Central bank chief blasts union, business 'rigidity'
Economic stagnation serious problem, warns Visco28 March, 19:40
That's creating a significant problem for growth, leading to economic stagnation, Visco added in comments at a conference at Rome's LUISS university, marking the 100th anniversary of the birth of economist Guido Carli.
Visco noted that Carli, who also served as governor of the central bank from 1960 to 1975, raised similar concerns about bureaucratic barriers to growth, at a time when Italy was struggling with the price inflation that shook much of the world during the 1970s. "Rigidity in legislation, bureaucracy, corporation, workers, unions are always the principal hindrance to development in our country," said Visco. The consequences today "are different from those that were manifested in the 1970s; at that time it was inflation, today, it is stagnation".
Raffaele Bonanni, secretary-general of the CISL union, dismissed Visco's words as "nonsense" while Susanna Camusso, the head of the powerful CGIL trade union, said that it seemed Visco was "repeating the same recipes that have already failed".
Meanwhile, Visco urged continued structural reforms in the Italy economy, adding that early signs of economic recovery are encouraging but need to be supported.
"Only by tackling the structural problems that had put the brakes on the Italian economy even before the current crisis...will it be possible to return on the path of a strong and lasting recovery," he said.

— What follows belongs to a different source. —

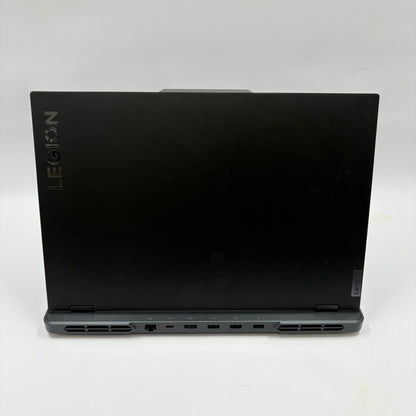 Lenovo Legion Pro 5 16ARX9 16" Ryzen 7 7745HX 3.6GHz 16GB RAM 1TB SSD RTX 4060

Italy's gross domestic product fell by an average of 1.9% last year, but began to recover in the third quarter and agencies including the IMF forecast growth of 0.6% this year, rising to 1.1% in 2015. GDP fell 2.4% in 2012, according to revised data from national statistical agency Istat.
Premier Matteo Renzi has been announcing a wide range of economic and labour market reforms, including public spending cuts to free up cash to finance income tax cuts for low income earners, spending on social programs, and a multibillion-euro repayment of bills owed by government to business.
Renzi has also pledged reforms to Italy's electoral system and begun the legislative process of eliminating an entire layer of government at the provincial level.
As well, on Friday he made good on a pledge to cap the salaries of top public officials, although Renzi stopped short of including heads of such State-controlled companies as Eni, Enel, Finmeccanica, loan trust Cassa Depositi e Prestiti (CDP), Poste Italiane and State railway Ferrovie dello Stato.
Indeed, the time is ripe to change the European policy agenda in terms of supporting growth rather than focusing on spending constraints, Economy Minister Pier Carlo Padoan told the conference.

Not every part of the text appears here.